We are seeing a lot of these - anyone else?
omreport chassis memory index=25
Memory Device Information
Health : Non-Critical
Memory Device on Connector: DIMM B7
Attributes : Status
Values : Non-Critical
Attributes : Device Name
Values : DIMM B7
Attributes : Size
Values : 4096 MB
Attributes : Type
Values : DDR2 FB-DIMM-SYNCHRONOUS
Attributes : Speed
Values : 1.50 ns
Attributes : Failures
Values : Single-bit warning error rate exceeded
You have a failing DIMM - totally normal...call dell and get it replaced.
--Matt
VCP, vExpert, Unix Geek
Yes we have opened cases with Dell
We've had 5 of these in two weeks
Seems like too many...
You may have caught a bad lot. I have seen this kind of issue where issues will "cluster" around a set of systems deployed from a lot that was purchased at the same time. Dell should be able to square you away.

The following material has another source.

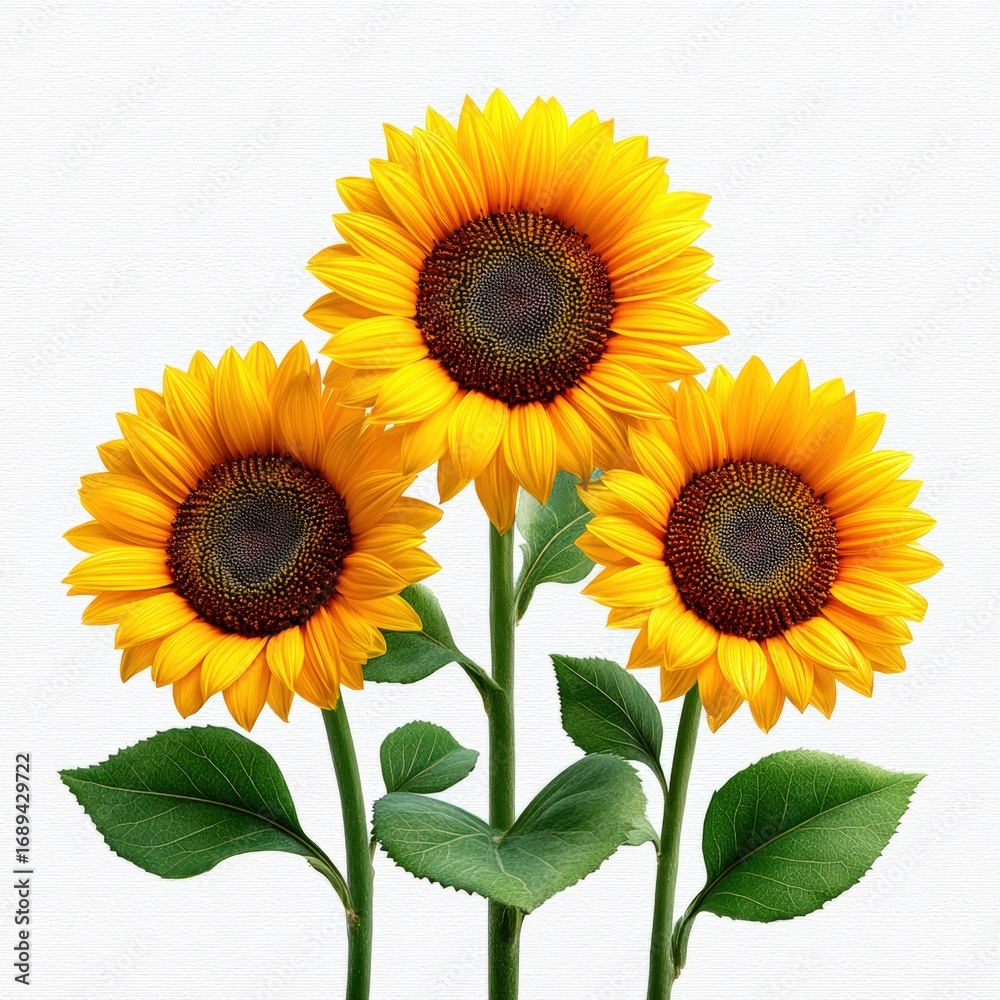 Fototapeta premium Bright Sunflowers with Green Leaves Against a Light Background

While we dont use R900s for virtulization, we do use them for other stuff, and have also seen much higher than average failure rates.
--Matt
VCP, vExpert, Unix Geek
We have logged 24 memory events on 4 R900’s since in the last 3 months - we escalated to a Dell technical acct mgr and were told today this issue has to do with the memory brand itself which is “Hynix”.
Stay tuned!
Just had an MPmerory error in one of our brand new PE R900 server.
MPmemory error: Southbridge CRC Error (XMATS32 FAIL).

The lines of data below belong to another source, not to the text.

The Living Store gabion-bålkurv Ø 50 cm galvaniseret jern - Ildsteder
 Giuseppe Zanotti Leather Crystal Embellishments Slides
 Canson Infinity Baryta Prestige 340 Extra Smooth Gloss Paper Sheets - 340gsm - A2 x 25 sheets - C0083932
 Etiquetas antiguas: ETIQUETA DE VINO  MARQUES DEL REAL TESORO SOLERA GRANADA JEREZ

We are also using 4 GB Hynix memory modules (HYMP151F72CP4N3 - Y5)
Escaleted to Dell technical account manager
Maybe these are the problems only apply to certain batch of R900. I have 3 of my R900 running for a year now and never experienced the issues reported here.
Craig
vExpert 2009
According to Dell the plan is to replace any of the memory in the servers that falls within a certain manufacturing date window and on some of the servers it involves a complete memory swap.
dmidecode will give you the spec on the memory:
Handle 0x1101
DMI type 17, 28 bytes.
Memory Device
Array Handle: 0x1000
Error Information Handle: Not Provided
Total Width: 72 bits
Data Width: 64 bits
Size: 4096 MB
Form Factor: <OUT OF SPEC>
Set: 1
Locator: DIMM B1
Bank Locator: Not Specified
Type: <OUT OF SPEC>
Type Detail: Synchronous
Speed: 667 MHz (1.5 ns)
Manufacturer: 80AD808980AD
Serial Number: 49631004
Asset Tag: 010815
Part Number: HYMP151F72CP4N3-Y5
FYI,
the dell rep is recommending we replace 237 four Gigabyte (Hynix) Dimms from the dmidecode analysis -
I think we'll be getting that platinum uplift for free now - this is a big problem - even with vmotion zero downtime it will take days.
Fletch - VCP